WORK ITEM
Could you print exactly the lines from the one that contains "Sailboat spec chart" to the end of the data, both ends included, and nothing else? Skip the pictures.

DATASET SECTION
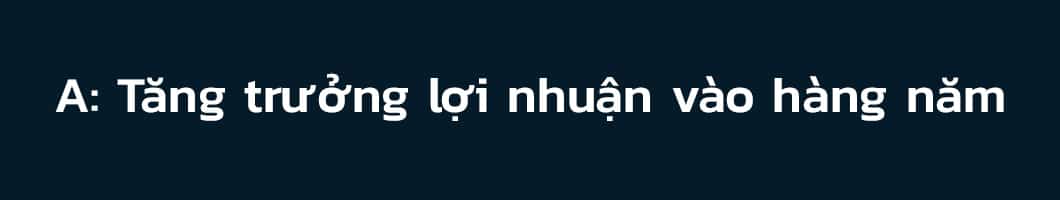 phương pháp CANSLIM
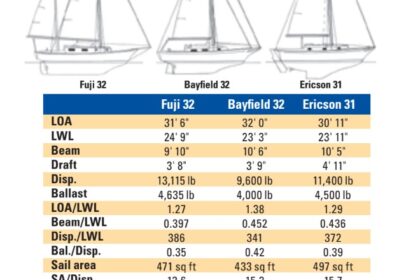 Sailboat spec chart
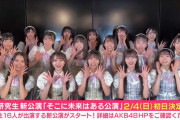 【AKB48】研究生新公演「そこに未来はある公演」2月4日(日) 初日決定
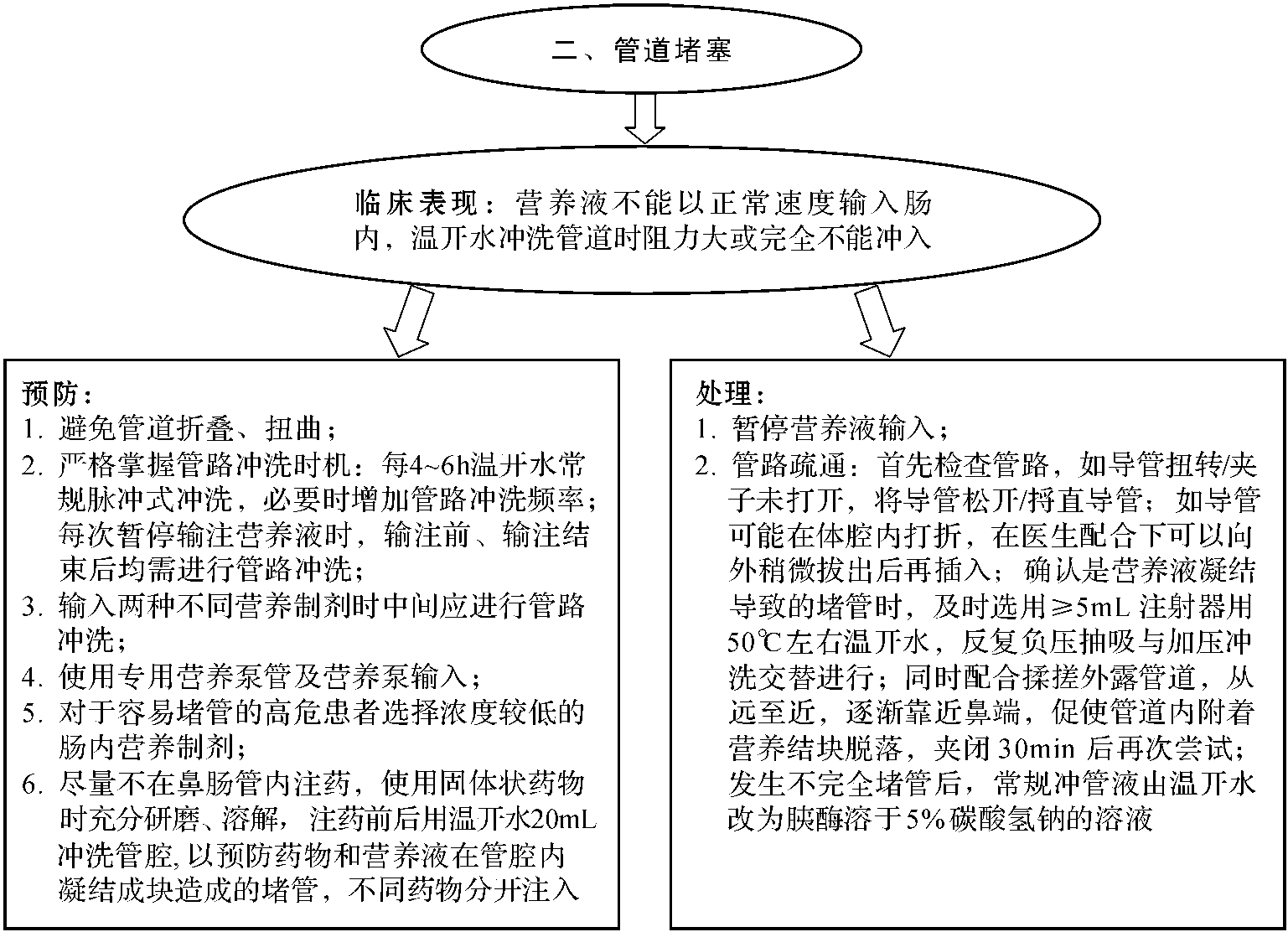 第三節(jié) 螺旋形鼻腸管維護(hù)技術(shù)風(fēng)險(xiǎn)防范流程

ANSWER BOX
 Sailboat spec chart
 【AKB48】研究生新公演「そこに未来はある公演」2月4日(日) 初日決定
 第三節(jié) 螺旋形鼻腸管維護(hù)技術(shù)風(fēng)險(xiǎn)防范流程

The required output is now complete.